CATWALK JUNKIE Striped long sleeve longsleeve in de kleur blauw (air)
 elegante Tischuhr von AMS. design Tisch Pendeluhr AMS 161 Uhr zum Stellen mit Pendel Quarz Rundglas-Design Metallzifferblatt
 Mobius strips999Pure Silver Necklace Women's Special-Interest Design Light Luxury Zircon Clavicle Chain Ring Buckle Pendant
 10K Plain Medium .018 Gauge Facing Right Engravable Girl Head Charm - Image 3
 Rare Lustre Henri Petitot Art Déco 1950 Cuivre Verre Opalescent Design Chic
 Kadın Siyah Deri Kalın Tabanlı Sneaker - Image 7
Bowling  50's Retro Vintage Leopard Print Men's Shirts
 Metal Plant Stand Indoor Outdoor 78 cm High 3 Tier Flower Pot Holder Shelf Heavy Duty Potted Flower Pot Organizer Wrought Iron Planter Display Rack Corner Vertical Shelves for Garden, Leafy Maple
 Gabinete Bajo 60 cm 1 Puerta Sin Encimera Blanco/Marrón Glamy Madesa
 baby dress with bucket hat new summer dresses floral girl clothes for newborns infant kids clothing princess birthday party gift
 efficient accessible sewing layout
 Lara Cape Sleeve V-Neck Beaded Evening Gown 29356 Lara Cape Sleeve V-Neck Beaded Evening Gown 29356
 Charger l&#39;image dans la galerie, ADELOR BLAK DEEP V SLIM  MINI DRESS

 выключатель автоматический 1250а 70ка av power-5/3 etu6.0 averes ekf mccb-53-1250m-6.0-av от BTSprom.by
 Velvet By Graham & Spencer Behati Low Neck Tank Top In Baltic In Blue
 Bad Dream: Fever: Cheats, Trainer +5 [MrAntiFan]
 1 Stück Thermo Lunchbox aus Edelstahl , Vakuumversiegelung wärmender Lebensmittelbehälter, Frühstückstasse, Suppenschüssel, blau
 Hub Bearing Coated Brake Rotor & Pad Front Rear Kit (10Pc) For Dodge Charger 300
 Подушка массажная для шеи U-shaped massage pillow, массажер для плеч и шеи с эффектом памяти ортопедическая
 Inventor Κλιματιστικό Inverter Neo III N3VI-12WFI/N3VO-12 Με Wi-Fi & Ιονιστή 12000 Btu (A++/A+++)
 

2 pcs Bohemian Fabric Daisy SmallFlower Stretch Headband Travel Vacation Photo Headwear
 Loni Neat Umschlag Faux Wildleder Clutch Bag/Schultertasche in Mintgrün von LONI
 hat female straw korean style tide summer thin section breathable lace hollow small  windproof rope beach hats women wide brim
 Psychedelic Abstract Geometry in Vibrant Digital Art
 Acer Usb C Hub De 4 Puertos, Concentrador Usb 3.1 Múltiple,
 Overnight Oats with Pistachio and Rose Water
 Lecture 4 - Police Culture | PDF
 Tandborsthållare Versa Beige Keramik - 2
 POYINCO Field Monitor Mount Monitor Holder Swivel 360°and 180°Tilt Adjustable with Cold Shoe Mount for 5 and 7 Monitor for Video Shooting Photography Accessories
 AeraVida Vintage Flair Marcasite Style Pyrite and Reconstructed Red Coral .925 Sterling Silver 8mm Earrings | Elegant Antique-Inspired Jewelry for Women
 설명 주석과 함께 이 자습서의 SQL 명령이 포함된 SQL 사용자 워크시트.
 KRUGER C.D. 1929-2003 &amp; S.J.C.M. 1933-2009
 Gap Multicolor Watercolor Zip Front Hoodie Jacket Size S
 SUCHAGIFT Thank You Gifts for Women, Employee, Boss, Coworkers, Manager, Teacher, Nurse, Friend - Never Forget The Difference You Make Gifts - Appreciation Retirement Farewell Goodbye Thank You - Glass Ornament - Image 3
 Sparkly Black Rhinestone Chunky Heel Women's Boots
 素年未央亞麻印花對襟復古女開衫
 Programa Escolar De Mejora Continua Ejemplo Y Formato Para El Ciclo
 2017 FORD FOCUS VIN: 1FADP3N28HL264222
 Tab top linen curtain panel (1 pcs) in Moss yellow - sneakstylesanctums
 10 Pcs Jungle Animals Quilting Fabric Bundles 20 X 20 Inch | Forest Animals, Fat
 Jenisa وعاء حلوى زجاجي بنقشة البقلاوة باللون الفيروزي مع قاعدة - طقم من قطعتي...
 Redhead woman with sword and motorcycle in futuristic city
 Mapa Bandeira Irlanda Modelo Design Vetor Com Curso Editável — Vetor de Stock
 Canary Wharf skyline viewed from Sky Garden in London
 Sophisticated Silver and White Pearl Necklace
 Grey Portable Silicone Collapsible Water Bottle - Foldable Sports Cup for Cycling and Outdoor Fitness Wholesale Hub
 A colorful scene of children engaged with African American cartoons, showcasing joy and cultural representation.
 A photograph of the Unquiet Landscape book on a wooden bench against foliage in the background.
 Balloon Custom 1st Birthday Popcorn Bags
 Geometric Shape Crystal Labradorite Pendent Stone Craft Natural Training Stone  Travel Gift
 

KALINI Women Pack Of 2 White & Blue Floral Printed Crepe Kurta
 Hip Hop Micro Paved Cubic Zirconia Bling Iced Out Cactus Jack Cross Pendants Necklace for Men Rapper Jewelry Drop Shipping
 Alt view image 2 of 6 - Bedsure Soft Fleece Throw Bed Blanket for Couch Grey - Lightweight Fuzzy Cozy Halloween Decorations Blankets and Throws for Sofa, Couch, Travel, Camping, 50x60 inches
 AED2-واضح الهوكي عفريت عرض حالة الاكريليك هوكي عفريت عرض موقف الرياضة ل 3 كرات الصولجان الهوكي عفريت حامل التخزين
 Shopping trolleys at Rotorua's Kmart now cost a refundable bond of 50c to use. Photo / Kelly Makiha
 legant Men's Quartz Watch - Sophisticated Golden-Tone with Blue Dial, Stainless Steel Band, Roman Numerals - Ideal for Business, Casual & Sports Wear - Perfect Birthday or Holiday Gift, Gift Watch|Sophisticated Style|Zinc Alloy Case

Task details ->
Reproduce the full set of records precisely.

Solution to this problem ->
CATWALK JUNKIE Striped long sleeve longsleeve in de kleur blauw (air)
 elegante Tischuhr von AMS. design Tisch Pendeluhr AMS 161 Uhr zum Stellen mit Pendel Quarz Rundglas-Design Metallzifferblatt
 Mobius strips999Pure Silver Necklace Women's Special-Interest Design Light Luxury Zircon Clavicle Chain Ring Buckle Pendant
 10K Plain Medium .018 Gauge Facing Right Engravable Girl Head Charm - Image 3
 Rare Lustre Henri Petitot Art Déco 1950 Cuivre Verre Opalescent Design Chic
 Kadın Siyah Deri Kalın Tabanlı Sneaker - Image 7
Bowling  50's Retro Vintage Leopard Print Men's Shirts
 Metal Plant Stand Indoor Outdoor 78 cm High 3 Tier Flower Pot Holder Shelf Heavy Duty Potted Flower Pot Organizer Wrought Iron Planter Display Rack Corner Vertical Shelves for Garden, Leafy Maple
 Gabinete Bajo 60 cm 1 Puerta Sin Encimera Blanco/Marrón Glamy Madesa
 baby dress with bucket hat new summer dresses floral girl clothes for newborns infant kids clothing princess birthday party gift
 efficient accessible sewing layout
 Lara Cape Sleeve V-Neck Beaded Evening Gown 29356 Lara Cape Sleeve V-Neck Beaded Evening Gown 29356
 Charger l&#39;image dans la galerie, ADELOR BLAK DEEP V SLIM  MINI DRESS

 выключатель автоматический 1250а 70ка av power-5/3 etu6.0 averes ekf mccb-53-1250m-6.0-av от BTSprom.by
 Velvet By Graham & Spencer Behati Low Neck Tank Top In Baltic In Blue
 Bad Dream: Fever: Cheats, Trainer +5 [MrAntiFan]
 1 Stück Thermo Lunchbox aus Edelstahl , Vakuumversiegelung wärmender Lebensmittelbehälter, Frühstückstasse, Suppenschüssel, blau
 Hub Bearing Coated Brake Rotor & Pad Front Rear Kit (10Pc) For Dodge Charger 300
 Подушка массажная для шеи U-shaped massage pillow, массажер для плеч и шеи с эффектом памяти ортопедическая
 Inventor Κλιματιστικό Inverter Neo III N3VI-12WFI/N3VO-12 Με Wi-Fi & Ιονιστή 12000 Btu (A++/A+++)
 

2 pcs Bohemian Fabric Daisy SmallFlower Stretch Headband Travel Vacation Photo Headwear
 Loni Neat Umschlag Faux Wildleder Clutch Bag/Schultertasche in Mintgrün von LONI
 hat female straw korean style tide summer thin section breathable lace hollow small  windproof rope beach hats women wide brim
 Psychedelic Abstract Geometry in Vibrant Digital Art
 Acer Usb C Hub De 4 Puertos, Concentrador Usb 3.1 Múltiple,
 Overnight Oats with Pistachio and Rose Water
 Lecture 4 - Police Culture | PDF
 Tandborsthållare Versa Beige Keramik - 2
 POYINCO Field Monitor Mount Monitor Holder Swivel 360°and 180°Tilt Adjustable with Cold Shoe Mount for 5 and 7 Monitor for Video Shooting Photography Accessories
 AeraVida Vintage Flair Marcasite Style Pyrite and Reconstructed Red Coral .925 Sterling Silver 8mm Earrings | Elegant Antique-Inspired Jewelry for Women
 설명 주석과 함께 이 자습서의 SQL 명령이 포함된 SQL 사용자 워크시트.
 KRUGER C.D. 1929-2003 &amp; S.J.C.M. 1933-2009
 Gap Multicolor Watercolor Zip Front Hoodie Jacket Size S
 SUCHAGIFT Thank You Gifts for Women, Employee, Boss, Coworkers, Manager, Teacher, Nurse, Friend - Never Forget The Difference You Make Gifts - Appreciation Retirement Farewell Goodbye Thank You - Glass Ornament - Image 3
 Sparkly Black Rhinestone Chunky Heel Women's Boots
 素年未央亞麻印花對襟復古女開衫
 Programa Escolar De Mejora Continua Ejemplo Y Formato Para El Ciclo
 2017 FORD FOCUS VIN: 1FADP3N28HL264222
 Tab top linen curtain panel (1 pcs) in Moss yellow - sneakstylesanctums
 10 Pcs Jungle Animals Quilting Fabric Bundles 20 X 20 Inch | Forest Animals, Fat
 Jenisa وعاء حلوى زجاجي بنقشة البقلاوة باللون الفيروزي مع قاعدة - طقم من قطعتي...
 Redhead woman with sword and motorcycle in futuristic city
 Mapa Bandeira Irlanda Modelo Design Vetor Com Curso Editável — Vetor de Stock
 Canary Wharf skyline viewed from Sky Garden in London
 Sophisticated Silver and White Pearl Necklace
 Grey Portable Silicone Collapsible Water Bottle - Foldable Sports Cup for Cycling and Outdoor Fitness Wholesale Hub
 A colorful scene of children engaged with African American cartoons, showcasing joy and cultural representation.
 A photograph of the Unquiet Landscape book on a wooden bench against foliage in the background.
 Balloon Custom 1st Birthday Popcorn Bags
 Geometric Shape Crystal Labradorite Pendent Stone Craft Natural Training Stone  Travel Gift
 

KALINI Women Pack Of 2 White & Blue Floral Printed Crepe Kurta
 Hip Hop Micro Paved Cubic Zirconia Bling Iced Out Cactus Jack Cross Pendants Necklace for Men Rapper Jewelry Drop Shipping
 Alt view image 2 of 6 - Bedsure Soft Fleece Throw Bed Blanket for Couch Grey - Lightweight Fuzzy Cozy Halloween Decorations Blankets and Throws for Sofa, Couch, Travel, Camping, 50x60 inches
 AED2-واضح الهوكي عفريت عرض حالة الاكريليك هوكي عفريت عرض موقف الرياضة ل 3 كرات الصولجان الهوكي عفريت حامل التخزين
 Shopping trolleys at Rotorua's Kmart now cost a refundable bond of 50c to use. Photo / Kelly Makiha
 legant Men's Quartz Watch - Sophisticated Golden-Tone with Blue Dial, Stainless Steel Band, Roman Numerals - Ideal for Business, Casual & Sports Wear - Perfect Birthday or Holiday Gift, Gift Watch|Sophisticated Style|Zinc Alloy Case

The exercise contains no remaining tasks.